┌─ TASK MATERIAL
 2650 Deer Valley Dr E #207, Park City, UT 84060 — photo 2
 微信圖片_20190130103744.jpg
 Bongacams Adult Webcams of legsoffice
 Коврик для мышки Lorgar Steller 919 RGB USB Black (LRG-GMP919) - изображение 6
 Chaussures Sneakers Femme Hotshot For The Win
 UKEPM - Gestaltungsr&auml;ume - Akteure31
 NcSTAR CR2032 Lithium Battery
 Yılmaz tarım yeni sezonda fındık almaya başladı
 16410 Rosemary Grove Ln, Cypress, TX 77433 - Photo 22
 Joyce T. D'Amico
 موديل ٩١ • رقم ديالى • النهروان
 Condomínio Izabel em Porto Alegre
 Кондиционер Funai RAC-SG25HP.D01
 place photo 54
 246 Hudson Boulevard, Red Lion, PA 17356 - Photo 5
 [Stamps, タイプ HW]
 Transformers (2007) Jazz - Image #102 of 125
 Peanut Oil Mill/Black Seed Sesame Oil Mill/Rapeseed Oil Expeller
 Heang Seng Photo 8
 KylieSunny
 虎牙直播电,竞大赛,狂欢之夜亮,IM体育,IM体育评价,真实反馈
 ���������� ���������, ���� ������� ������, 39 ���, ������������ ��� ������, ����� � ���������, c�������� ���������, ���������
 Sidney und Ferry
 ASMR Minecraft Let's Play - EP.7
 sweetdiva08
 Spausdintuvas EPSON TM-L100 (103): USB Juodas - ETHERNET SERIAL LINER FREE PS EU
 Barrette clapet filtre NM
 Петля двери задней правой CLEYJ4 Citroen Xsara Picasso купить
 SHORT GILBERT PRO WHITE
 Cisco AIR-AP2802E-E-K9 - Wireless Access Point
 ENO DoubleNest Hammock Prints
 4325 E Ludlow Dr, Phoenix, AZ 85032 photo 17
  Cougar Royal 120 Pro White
└─
_REQUIREMENT:_
Where the listing above has a line with "Spausdintuvas EPSON TM-L100", start there, and output every line exactly through the line with "ENO DoubleNest Hammock Prints", which is also included.

_EXERCISE RESULT:_
 Spausdintuvas EPSON TM-L100 (103): USB Juodas - ETHERNET SERIAL LINER FREE PS EU
 Barrette clapet filtre NM
 Петля двери задней правой CLEYJ4 Citroen Xsara Picasso купить
 SHORT GILBERT PRO WHITE
 Cisco AIR-AP2802E-E-K9 - Wireless Access Point
 ENO DoubleNest Hammock Prints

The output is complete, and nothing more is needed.